“The most valuable gift you have to offer is yourself.”
Have you ever been around someone with a strong accent? Maybe a “U-per,” a Londoner, or even a Southerner? Of course you have. Now here comes the question of Authenticity: Did you start to pick up their accent after you talked to them for a while? Did you parrot their pronunciation of particular phrases? We've all done it just a little bit. I’m guilty as charged. When I moved to the South six years ago, I found myself going on lots of sales calls outside the metro city limits. Sometimes the people I talked to spoke so slowly that I wanted to complete their sentences for them! For some reason, I felt myself trying to drawl, trying to speak a little slower, and trying to throw in a “y’all” for good measure.
It didn’t work. It was a feigned attempt at acceptance. Not only was I asked, “So, are you from around here?,” I was also caught somewhere between trying to fit in and trying to get my message across effectively. I wasn’t authentic. And I was naïve to think that I had to use certain colloquial words and phrases to be heard.

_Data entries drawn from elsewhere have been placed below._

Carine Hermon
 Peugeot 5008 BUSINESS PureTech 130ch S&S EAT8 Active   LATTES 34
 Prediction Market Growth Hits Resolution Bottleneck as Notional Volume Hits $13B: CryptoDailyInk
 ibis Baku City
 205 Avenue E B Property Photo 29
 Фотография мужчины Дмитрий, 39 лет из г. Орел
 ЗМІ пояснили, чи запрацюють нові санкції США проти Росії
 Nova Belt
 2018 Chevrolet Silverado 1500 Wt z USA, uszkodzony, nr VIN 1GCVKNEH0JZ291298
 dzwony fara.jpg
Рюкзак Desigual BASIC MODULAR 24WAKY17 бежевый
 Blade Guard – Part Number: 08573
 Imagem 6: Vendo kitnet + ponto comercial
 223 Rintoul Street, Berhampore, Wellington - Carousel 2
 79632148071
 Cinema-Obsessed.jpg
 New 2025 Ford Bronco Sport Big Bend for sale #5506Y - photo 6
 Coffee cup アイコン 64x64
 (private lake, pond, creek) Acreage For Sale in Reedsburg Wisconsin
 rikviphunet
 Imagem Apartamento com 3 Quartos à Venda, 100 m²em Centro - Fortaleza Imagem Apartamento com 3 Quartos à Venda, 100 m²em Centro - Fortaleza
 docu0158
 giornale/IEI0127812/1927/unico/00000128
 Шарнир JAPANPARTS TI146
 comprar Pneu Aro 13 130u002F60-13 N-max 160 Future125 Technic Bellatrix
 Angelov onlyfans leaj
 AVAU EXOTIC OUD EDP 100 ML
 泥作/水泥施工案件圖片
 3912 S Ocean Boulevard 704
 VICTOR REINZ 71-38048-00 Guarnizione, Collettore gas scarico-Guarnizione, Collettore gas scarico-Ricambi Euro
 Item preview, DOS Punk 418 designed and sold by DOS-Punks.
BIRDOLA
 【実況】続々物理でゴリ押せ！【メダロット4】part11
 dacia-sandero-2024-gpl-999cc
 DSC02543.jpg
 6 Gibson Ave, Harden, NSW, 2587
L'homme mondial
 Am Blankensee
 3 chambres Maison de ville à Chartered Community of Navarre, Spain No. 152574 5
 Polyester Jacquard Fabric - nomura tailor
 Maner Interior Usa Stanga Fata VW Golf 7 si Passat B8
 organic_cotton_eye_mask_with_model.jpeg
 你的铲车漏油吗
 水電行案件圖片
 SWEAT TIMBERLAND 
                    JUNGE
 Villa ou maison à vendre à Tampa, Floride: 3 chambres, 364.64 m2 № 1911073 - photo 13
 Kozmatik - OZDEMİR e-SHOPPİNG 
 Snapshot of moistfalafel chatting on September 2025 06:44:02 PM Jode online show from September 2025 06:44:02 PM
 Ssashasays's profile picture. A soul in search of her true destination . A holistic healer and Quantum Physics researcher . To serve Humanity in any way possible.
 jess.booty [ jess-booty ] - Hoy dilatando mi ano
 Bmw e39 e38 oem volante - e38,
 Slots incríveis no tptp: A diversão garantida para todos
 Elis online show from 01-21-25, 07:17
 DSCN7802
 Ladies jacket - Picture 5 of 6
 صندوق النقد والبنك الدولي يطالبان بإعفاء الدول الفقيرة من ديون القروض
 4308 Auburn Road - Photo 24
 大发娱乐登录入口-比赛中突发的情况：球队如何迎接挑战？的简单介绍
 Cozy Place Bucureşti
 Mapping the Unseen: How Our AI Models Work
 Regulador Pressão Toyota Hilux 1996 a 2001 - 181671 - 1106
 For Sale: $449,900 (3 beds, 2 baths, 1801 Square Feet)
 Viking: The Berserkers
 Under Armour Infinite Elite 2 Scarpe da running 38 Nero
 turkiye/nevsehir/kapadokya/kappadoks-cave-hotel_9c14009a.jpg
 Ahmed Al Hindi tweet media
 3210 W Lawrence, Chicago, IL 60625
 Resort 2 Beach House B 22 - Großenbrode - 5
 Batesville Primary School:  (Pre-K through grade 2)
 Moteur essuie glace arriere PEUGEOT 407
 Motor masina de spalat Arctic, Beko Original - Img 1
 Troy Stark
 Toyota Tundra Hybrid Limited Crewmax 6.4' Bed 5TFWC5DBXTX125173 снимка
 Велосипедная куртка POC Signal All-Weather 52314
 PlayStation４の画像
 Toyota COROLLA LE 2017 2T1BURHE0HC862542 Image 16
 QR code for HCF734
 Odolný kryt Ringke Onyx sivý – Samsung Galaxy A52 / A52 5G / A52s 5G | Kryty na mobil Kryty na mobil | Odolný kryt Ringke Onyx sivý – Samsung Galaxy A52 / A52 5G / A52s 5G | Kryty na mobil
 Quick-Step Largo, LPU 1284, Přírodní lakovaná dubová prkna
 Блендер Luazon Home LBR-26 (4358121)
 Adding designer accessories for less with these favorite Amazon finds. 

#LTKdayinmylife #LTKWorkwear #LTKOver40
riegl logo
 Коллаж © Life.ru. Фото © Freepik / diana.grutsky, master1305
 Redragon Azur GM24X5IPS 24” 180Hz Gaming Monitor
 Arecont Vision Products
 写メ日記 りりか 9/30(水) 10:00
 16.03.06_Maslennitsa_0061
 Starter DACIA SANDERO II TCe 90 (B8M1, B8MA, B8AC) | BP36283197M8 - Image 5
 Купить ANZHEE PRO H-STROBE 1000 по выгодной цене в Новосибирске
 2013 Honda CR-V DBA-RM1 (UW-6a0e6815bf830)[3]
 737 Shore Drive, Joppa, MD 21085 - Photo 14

As it turns out, I performed much better when I let the “You Guys” flow freely. Not only were people more genuinely interested in me, and who I was, they also wanted to know where I was from and what brought me into town. That kind of exchange was the beginning of a real relationship. So the Go-Giver Law of Authenticity goes: It’s always easy to spot a fake. Your audience appreciates the real and truthful so much more. Whether you’re from Buffalo, Britain, Birmingham or the Bahamas, let your freak flag fly and annunciate with pride.